For years, I have told myself that things “out of place”, give me anxiety and I don’t correct it. I try not to modulate this expectation and just surrender. In this constantly changing and chaotic world, I organize, whatever I can organize.
This morning though, after sharing that magnificent ocean sunrise with Shania, I look at that sand and encourage my mind to think a little differently; I ask myself how often, and how many people get to do what I do? How often do they soothe their souls with the lapping of waves on their feet. How often do they get to sip their favorite latte, while listening to their favorite tunes, with someone they love! Today is a special day in my life.
I need to let the sand linger on my feet, for as long as I can.
When tomorrow that hard pair of dress shoes pick up some of that sand, its actually a good thing! It’s a reminder of a softer time in my life, when there was a perfect moment of alignment.
I saw a quote this morning that made me think: “Look around you, and enjoy, be grateful; in a year, everything will be different.”
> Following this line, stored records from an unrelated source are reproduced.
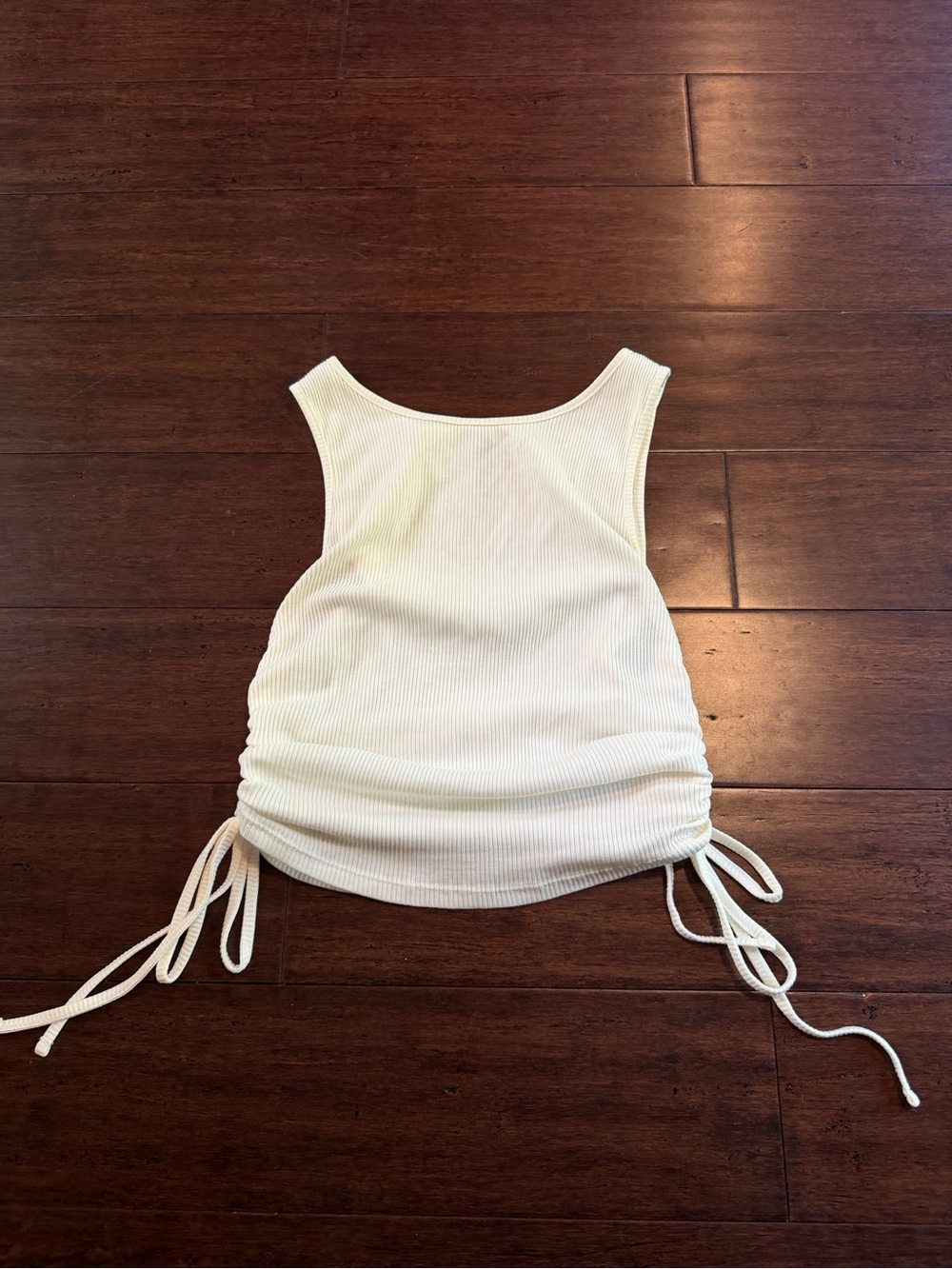 Divided White Ribbed Side-Tie Tank Top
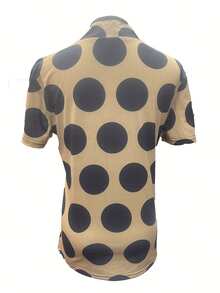 Women's Improved Cheongsam Collar Short Sleeve T-Shirt, Summer New Coffee Color Polka Dot Print, Slimming Undershirt - Coffee Brown - View 5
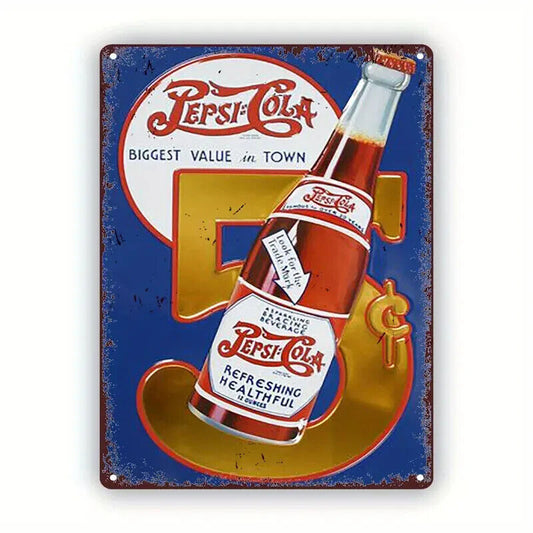 PEPSI COLA ADVERT Retro Tin Sign WALL MAN CAVE PUB PIN POP FIZZY 5 MERCH COKE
As I look back a year, with or without the help of social media, so many things have changed, for me. Especially, in the lives of my children. But also, in my own life.
Last Spring, I was a pensive from the roller-coaster feeling from my constantly changing role at work; I was also in pendulum motion, from my home that I love, in Florida, to the cold of Boston. I had a feeling that this Boston chapter of my life, has to come to a close soon. And, by Fall, my role ended; allowing me to seek what I have wanted all along.
This Spring, I am ready to move to Florida, permanently.
Some things have become more certain, and other, more dispensable things, people or feelings, have dissipated. There is no lingering nostalgia about losing these feelings, which didn’t serve me.
My children have made tremendous strides in a year.
After a re-defining 2018, Daiyaan graduated college in 2018 and found her professional footing, bought her “dream” Jeep (that she has named Natasha, after the singer Natasha Bedingfeld) and now wants to buy her first home this Summer/Fall. She is starting to put down her own roots, in a place she loves. She has chosen a healthy lifestyle of balance. She took her first ever solo trip, and conquered Puerto Rico; she has grown up.
Last Spring, Shania, competed to become her Middle School Vice President and won! She has switched from softball to golf and today, loves basketball as her main school sports; instead of acting in plays, now she is co-directing, for the second year, a school play! She was accepted to attend the prestigious Dana Hall school in Wellesley, MA, but instead, is heading to be with family and joining the pre-law program at her new choice school in Florida.
As their lives unfold, and I see these two beautiful women take their next steps, I enjoy listening to their musings, and life interactions. The new friends they make, and the relationships those fray over time. I tell them my stories, from that particular time in my life that maybe relevant to their experience.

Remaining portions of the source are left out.